At the Comer Youth Center, Jackson trained and coached staff, facilitated the design of evaluation and tracking models, provided internal consultation to the executive director and created SSA’s field placement program. Up to three students at a time have worked at the youth center since it opened, working on the clinical side with a licensed social worker, or on the administrative side with Samuels. “I lean heavily on them,” she says. “The School’s administration students bring energy and training to the table that I know I can rely on.”

“Being at the youth center has reinforced a lot of the core values that I have about doing this work,” says Darryl Clayton, a student in the evening Master’s program who is doing his first field placement with Samuels. “It also gives me the opportunity to apply a lot of the things we talk about in class.” Clayton, the assistant project director for recruitment and kinship care services with Adoptions Unlimited Inc., is in the evening program for the master’s program and hopes to be the executive director of a youth-focused agency one day. “I get to see all sides of how a program like [the Comer Center] works, and that’s what I wanted from a field placement,” he says.

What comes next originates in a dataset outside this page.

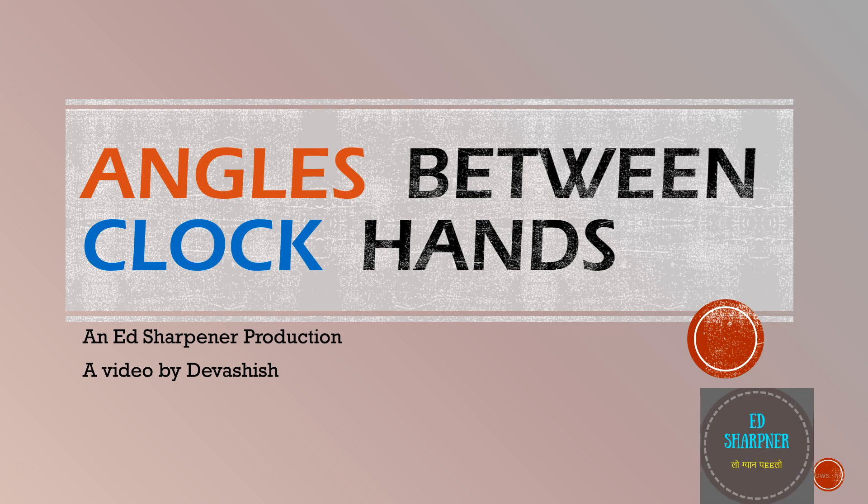Hello all viewers and aspirants, welcome back. This is an Ed Sharpener production and my name is Devashish.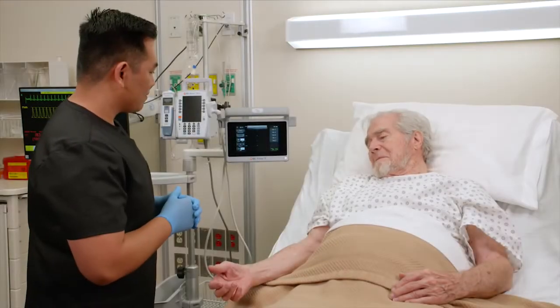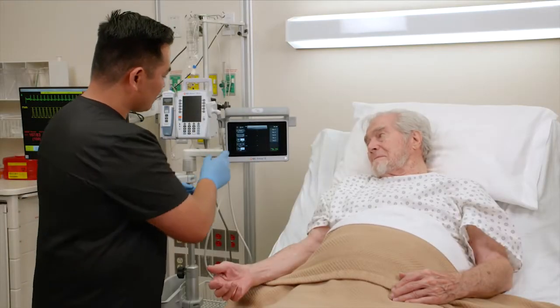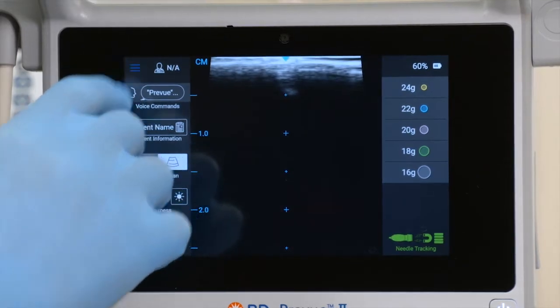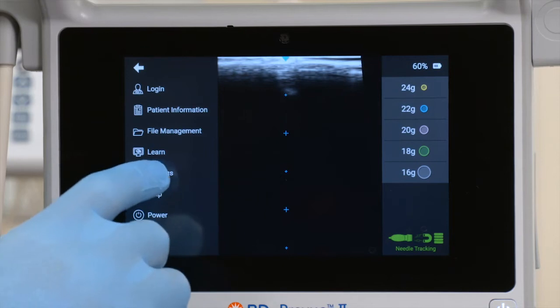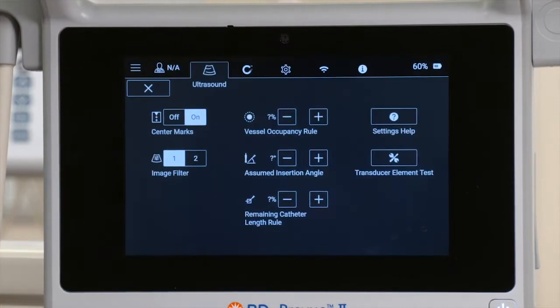To prepare for the vessel assessment, go to the menu bar, select Settings, and then select Ultrasound.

Fellow evening program student Jocelyn Jones is the executive director at the Ark of St. Sabina, the community center run out of St. Sabina Catholic Church in the South Side’s Auburn Gresham neighborhood. She says working at the Comer Center under Samuels has helped her get a clearer picture of how to run an effective program. “Even the basic tasks have been valuable to me because they’ve allowed me to see how detailed and precise you have to be to run a comprehensive agency like this,” she says.

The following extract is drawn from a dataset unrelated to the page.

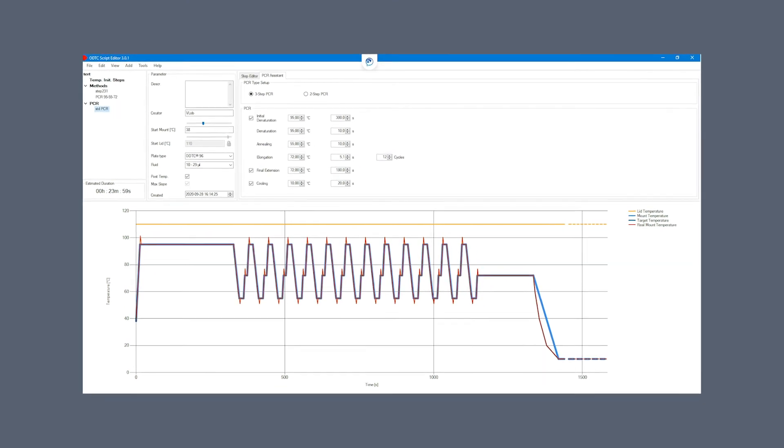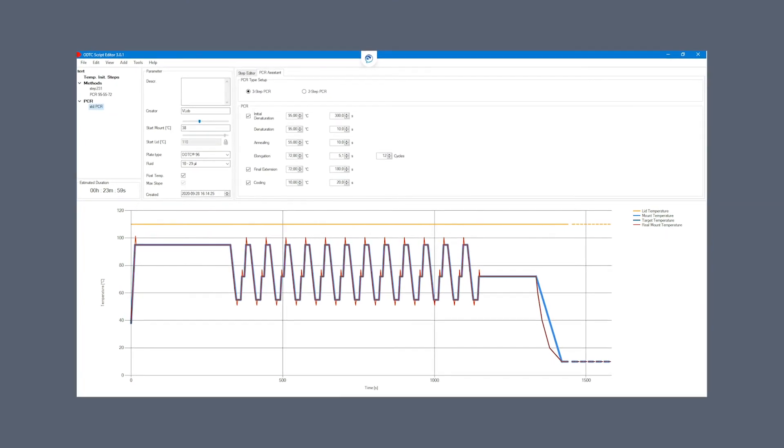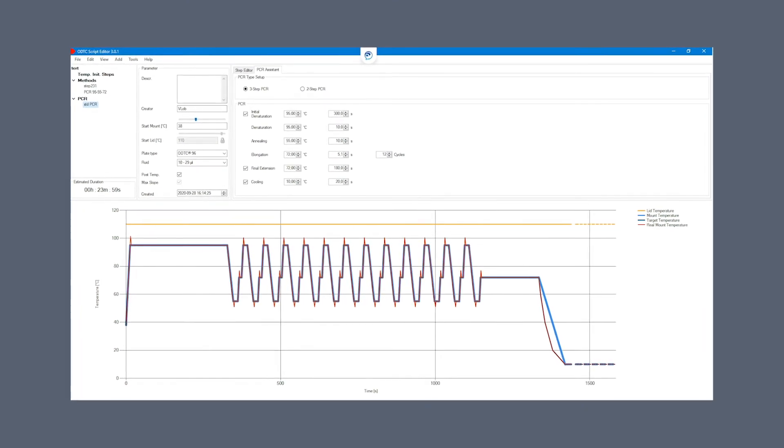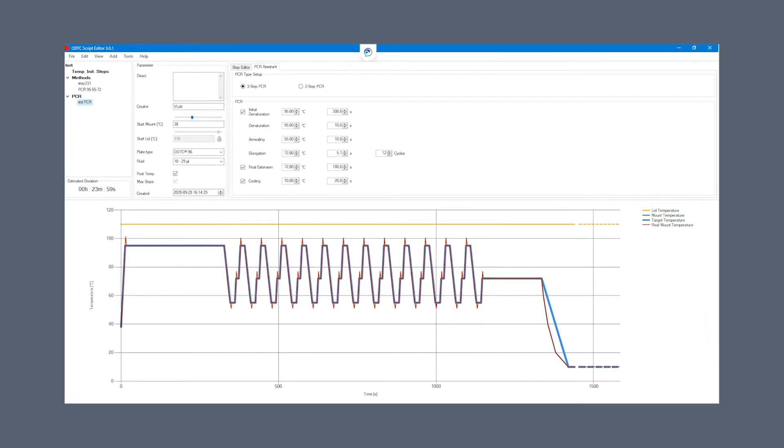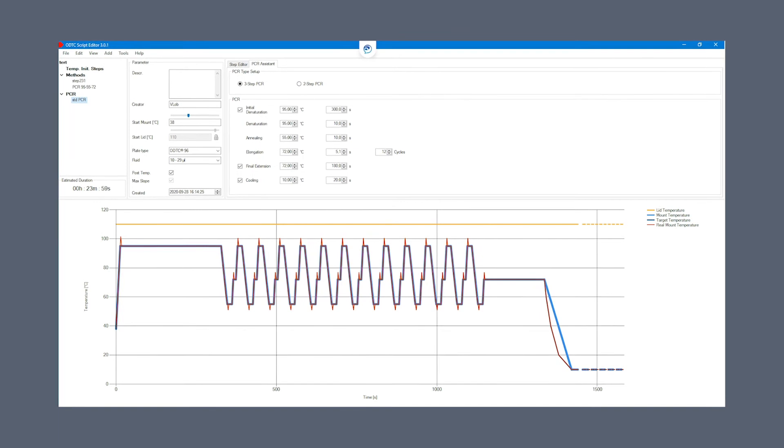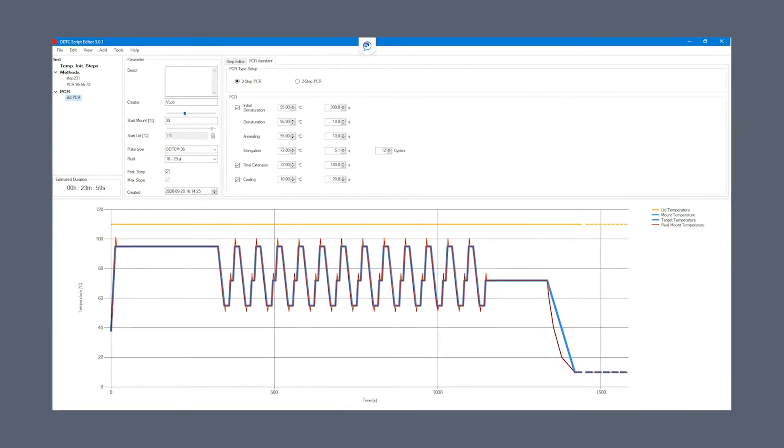Our provided software and script editor make adjusting your parameters and cycle runs simple and intuitive.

Many marvel at the speed with which CSEF became entrenched in the community and all that has come together in such a short time. “If Gary were here, I’m sure he would tell you it’s not happening fast enough,” Mooney says. A good example is the year-round roof garden on top of the youth center and the two-acre garden across the street, which together produce more than 2,000 pounds of food annually. The harvest is sold in a farmer’s market in the neighborhood and provides healthy meals for the students at the center and school. It also grows vegetables that end up on the tables of trendy Chicago eateries like Frontera Grill and West Town Tavern.

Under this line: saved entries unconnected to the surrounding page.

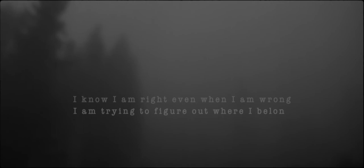I look at the world and I see nothing, but I see you. I look at the world.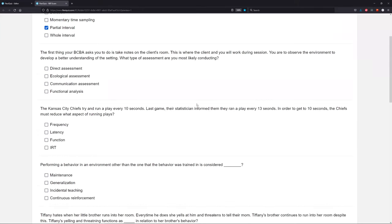The first thing your BCBA asks you to do is take notes on the client's room. This is where the client and you will work during session. You are to observe the environment to develop a better understanding of the setting. What type of assessment are you most likely conducting? A couple of key words here — it's obviously some sort of observation, some sort of assessment.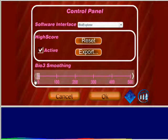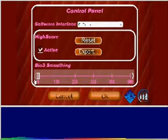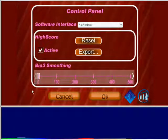Skip this step if you have smoothing enabled in BioGraph Infinity. All Bio Explorer designs include averaging, so this step is not necessary when using those designs.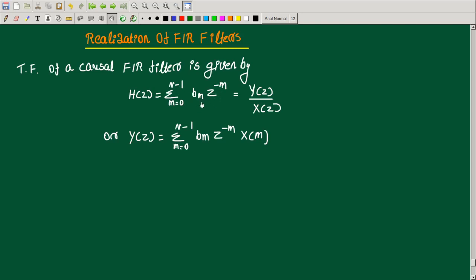If we have a general format, we can see that sigma m equal to 0 to N minus 1, b_m z raised to minus m. This is the denominator, so that is equal to Y(z) by X(z). If we cross multiply, Y(z) will be equal to sigma m equal to 0 to N minus 1, b_m z raised to minus m, times X(z).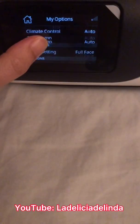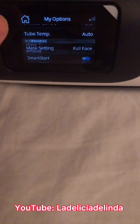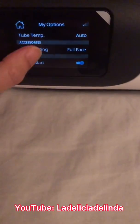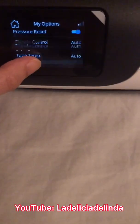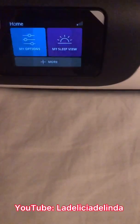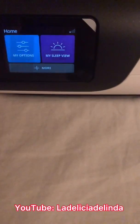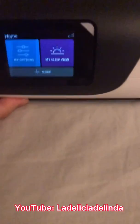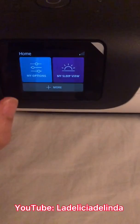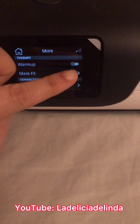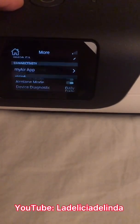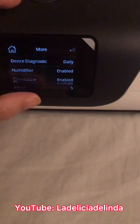If you don't have the heated tubing you won't have access to climate control — it will just have default humidity settings. Under the options you have smart start/stop and smart stop mask settings. You also have 'My Sleep View,' which is a simplified version of the data your respiratory therapist usually gets. There's also a warm-up feature, which I highly recommend if you use the humidifier — it warms up your humidifier tank.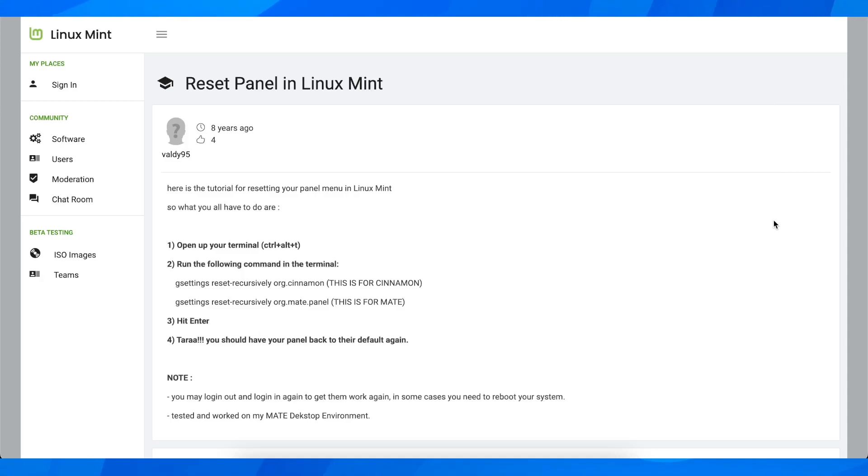Hi everyone, in today's video I'm going to explain to you how to factory reset Linux Mint.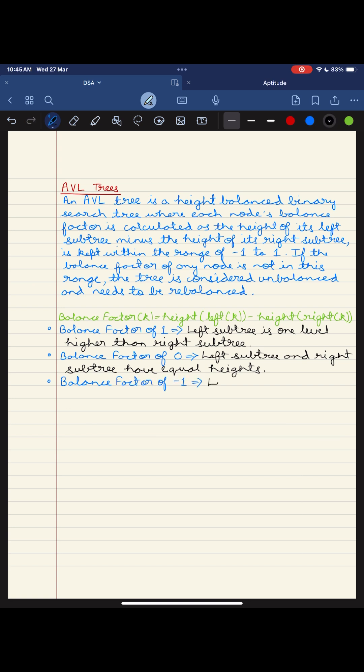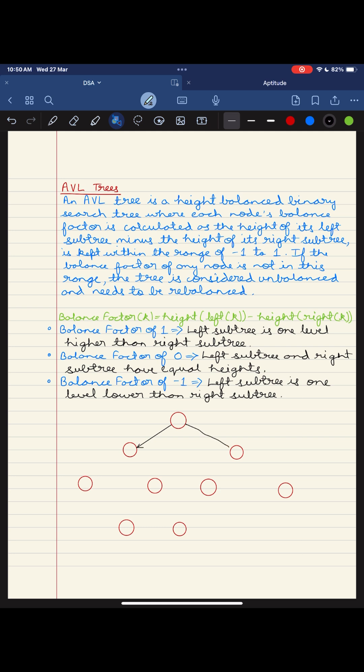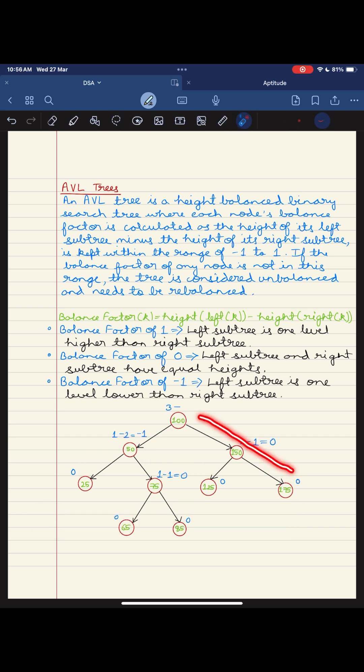So in our next video, we will be diving deeper into the world of trees, exploring the fascinating operations performed on avial trees, and unrevealing the mysteries behind searching, insertion and deletion of data with these powerful data structures. So stay tuned for an adventure into the hurt of data structures.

“Gary just had an ‘if we build it, they will come’ mentality about a lot of this,” Mooney says. “There had been a lot of buzz around urban agriculture for eight to 10 years before we broke ground. Gary said, ‘Let’s just put in a green roof and let’s do a green roof like they’ve never seen before.’ So we gave the architect free reign and it has been one of the most dynamic components of our programming. We have more than 80 youth engaged in our Green Teens program, and we’re teaching a gardening and environmental science elective for sophomores and juniors at the high school. None of that was because we had a partner saying, ‘You should do urban agriculture.’ It was just Gary’s vision.”

And the vision continues to expand. Next year, the youth center will house a middle school that is expected to grow to 150 students. Among the foundation’s long range plans is the development of an early childhood education program, stemming from long-standing conversations with the Ounce of Prevention Fund, an early childhood advocacy group.

“Ultimately, our success will be judged by the lives our young people lead as adults,” Mooney says. “That’s a long-term proposition, but we’re making a long-term commitment.”